Jika aku tak salah, Pangeran Qin tahun ini berumur empat puluh sembilan, sama dengan jumlah orang yang hadir hari ini. Tubuhnya selalu sehat, memanah, berburu singa dengan tangan kosong adalah hal mudah baginya. Mungkin ia benar-benar bisa menunggu sampai hari ia naik takhta.
“Yinkong! Mengapa kau tidak minum?” Pangeran Qin memperhatikan aku yang melamun.
Baru aku tersadar, kembali ke dunia nyata, “Kakak kelima… aku tidak bisa minum anggur…”
Pangeran Mu, Long Yinshang, yang duduk di samping Pangeran Qin, tertawa terbahak, “Masih memanggil kakak kelima? Sebentar lagi kita harus memanggil beliau Putra Mahkota!” Orang-orang di sekitar langsung bersorak setuju.
Wajah Pangeran Qin menampakkan kebanggaan, dagunya sedikit terangkat, benar-benar menunjukkan aura Putra Mahkota, “Yinkong! Berapa umurmu tahun ini?”
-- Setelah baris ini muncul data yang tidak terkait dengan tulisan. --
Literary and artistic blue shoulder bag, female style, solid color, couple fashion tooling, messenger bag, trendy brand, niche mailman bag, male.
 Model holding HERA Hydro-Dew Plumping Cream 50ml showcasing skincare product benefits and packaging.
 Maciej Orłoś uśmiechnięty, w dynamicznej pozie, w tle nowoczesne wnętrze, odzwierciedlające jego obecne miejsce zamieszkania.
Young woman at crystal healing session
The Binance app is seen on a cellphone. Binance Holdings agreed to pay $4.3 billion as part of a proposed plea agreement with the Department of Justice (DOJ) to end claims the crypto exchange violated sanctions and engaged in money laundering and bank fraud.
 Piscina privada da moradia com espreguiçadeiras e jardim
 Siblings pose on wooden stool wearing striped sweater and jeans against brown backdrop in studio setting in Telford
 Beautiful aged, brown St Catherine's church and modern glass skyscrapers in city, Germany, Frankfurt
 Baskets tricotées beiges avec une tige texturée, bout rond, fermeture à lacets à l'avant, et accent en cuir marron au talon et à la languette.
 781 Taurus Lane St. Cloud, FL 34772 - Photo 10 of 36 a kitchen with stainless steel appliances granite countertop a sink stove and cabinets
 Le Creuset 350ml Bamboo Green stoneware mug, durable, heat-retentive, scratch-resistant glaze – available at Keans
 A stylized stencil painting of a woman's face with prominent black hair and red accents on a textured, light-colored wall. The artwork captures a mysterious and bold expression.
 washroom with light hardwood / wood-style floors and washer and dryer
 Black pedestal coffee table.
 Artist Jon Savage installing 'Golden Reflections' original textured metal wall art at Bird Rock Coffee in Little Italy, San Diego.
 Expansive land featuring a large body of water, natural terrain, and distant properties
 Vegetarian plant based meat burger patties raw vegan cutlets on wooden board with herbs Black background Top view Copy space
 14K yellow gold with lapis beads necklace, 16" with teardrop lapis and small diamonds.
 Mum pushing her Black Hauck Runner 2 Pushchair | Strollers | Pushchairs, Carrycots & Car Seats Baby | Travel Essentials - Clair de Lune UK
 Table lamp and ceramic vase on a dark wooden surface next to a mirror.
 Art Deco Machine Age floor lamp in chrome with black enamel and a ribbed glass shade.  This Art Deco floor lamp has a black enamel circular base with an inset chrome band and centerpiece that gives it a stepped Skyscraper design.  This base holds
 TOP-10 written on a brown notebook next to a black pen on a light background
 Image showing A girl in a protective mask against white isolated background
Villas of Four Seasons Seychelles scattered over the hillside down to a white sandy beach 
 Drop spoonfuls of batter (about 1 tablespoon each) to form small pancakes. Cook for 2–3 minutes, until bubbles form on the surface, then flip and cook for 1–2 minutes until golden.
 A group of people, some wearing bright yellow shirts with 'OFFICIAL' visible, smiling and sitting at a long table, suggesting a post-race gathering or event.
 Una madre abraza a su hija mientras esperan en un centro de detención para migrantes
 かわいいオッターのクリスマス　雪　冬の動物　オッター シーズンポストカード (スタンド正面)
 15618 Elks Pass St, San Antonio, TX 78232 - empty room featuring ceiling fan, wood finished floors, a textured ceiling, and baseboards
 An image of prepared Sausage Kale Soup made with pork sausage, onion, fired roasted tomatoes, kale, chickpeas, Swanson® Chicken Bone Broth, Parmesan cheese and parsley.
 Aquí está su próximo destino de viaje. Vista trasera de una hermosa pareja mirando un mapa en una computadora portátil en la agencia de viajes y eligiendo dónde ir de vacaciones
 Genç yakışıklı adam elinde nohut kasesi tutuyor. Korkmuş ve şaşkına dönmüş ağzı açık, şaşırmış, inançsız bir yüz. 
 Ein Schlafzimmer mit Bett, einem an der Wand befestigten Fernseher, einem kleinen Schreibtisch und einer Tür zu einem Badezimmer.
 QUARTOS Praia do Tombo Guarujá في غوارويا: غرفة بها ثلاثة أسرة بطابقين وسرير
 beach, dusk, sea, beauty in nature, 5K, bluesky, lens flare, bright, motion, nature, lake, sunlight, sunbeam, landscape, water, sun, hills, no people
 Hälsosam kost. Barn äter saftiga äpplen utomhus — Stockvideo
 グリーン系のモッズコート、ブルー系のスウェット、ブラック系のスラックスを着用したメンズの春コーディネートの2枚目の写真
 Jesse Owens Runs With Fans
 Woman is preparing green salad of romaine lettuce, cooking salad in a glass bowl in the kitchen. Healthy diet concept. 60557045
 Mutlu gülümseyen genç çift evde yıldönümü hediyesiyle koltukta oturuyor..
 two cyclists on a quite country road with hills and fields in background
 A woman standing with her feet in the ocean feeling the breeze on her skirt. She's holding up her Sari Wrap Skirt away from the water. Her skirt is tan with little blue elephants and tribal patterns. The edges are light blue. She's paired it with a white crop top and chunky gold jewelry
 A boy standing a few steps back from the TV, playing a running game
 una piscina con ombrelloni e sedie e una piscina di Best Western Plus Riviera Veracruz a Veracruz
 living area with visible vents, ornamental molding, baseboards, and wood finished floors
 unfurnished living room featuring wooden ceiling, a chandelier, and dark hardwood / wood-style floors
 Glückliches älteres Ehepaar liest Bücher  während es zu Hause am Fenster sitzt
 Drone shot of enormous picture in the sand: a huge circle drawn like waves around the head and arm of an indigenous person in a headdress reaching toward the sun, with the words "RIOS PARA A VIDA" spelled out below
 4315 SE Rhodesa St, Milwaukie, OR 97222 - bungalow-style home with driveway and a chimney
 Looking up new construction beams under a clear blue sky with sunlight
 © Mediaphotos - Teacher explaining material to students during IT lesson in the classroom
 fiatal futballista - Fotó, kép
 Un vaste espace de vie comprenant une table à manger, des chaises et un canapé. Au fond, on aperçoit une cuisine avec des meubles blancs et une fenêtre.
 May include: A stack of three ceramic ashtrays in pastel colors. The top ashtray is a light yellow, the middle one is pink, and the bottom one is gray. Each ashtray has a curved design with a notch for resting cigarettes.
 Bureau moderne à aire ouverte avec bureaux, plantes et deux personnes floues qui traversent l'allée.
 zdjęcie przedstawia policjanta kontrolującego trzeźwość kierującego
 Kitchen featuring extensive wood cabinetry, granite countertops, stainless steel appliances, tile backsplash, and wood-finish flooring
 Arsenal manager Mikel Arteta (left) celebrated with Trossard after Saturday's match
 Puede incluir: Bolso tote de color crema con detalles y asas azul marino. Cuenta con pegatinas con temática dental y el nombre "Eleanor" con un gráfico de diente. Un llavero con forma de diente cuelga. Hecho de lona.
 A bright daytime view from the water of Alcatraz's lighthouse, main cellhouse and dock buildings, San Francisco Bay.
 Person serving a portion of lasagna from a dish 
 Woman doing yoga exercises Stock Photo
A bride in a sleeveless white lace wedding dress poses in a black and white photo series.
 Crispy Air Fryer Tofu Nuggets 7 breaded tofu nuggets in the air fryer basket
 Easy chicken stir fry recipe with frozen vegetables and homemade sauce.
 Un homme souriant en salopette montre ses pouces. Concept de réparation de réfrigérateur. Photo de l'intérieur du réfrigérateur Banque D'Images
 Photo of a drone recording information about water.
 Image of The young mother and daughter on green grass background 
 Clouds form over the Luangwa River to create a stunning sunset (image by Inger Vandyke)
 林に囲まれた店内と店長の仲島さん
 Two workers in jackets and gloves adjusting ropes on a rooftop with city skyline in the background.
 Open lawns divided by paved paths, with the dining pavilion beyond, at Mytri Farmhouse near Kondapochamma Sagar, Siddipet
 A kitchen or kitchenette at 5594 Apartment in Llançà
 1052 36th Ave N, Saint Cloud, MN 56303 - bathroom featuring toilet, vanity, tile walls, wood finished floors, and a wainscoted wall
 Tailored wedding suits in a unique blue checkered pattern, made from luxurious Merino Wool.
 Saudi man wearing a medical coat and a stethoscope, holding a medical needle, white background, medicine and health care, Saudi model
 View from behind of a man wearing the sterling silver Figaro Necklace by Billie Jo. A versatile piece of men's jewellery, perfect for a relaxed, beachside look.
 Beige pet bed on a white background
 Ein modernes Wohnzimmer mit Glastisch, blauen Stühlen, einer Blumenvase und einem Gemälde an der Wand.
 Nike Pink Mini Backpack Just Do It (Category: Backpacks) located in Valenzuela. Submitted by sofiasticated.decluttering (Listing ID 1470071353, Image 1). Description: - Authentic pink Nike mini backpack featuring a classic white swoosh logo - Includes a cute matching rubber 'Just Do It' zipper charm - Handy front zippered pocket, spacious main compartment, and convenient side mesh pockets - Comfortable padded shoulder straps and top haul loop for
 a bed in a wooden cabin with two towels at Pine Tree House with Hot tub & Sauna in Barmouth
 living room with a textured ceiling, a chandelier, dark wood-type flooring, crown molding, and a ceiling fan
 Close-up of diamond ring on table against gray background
“Enam belas tahun!” jawabku dengan hormat.
Pangeran Mu kembali tertawa, “Enam belas! Waktu aku seusiamu, aku bisa minum tiga liter anggur, setelah itu masih bisa bersama lima wanita istana sekaligus…”
Mendengar ini, para pangeran dan cucu kaisar meledak dalam tawa nakal. Saat membahas hal seperti itu, suasana di antara kami menjadi sangat akrab.
Pangeran An melindungiku, “Kakak-kakak! Yinkong masih muda, dan ayahanda pernah berkata, kita tidak boleh minum sebelum berusia delapan belas tahun. Lebih baik biarkan dia minum teh saja!”
Semua orang ingat perkataan ayahanda, walau sebenarnya yang benar adalah: tidak boleh minum sebelum diangkat menjadi pangeran. Menurut hukum Kang, pangeran baru bisa diangkat saat berumur delapan belas, makanya Pangeran An berkata demikian.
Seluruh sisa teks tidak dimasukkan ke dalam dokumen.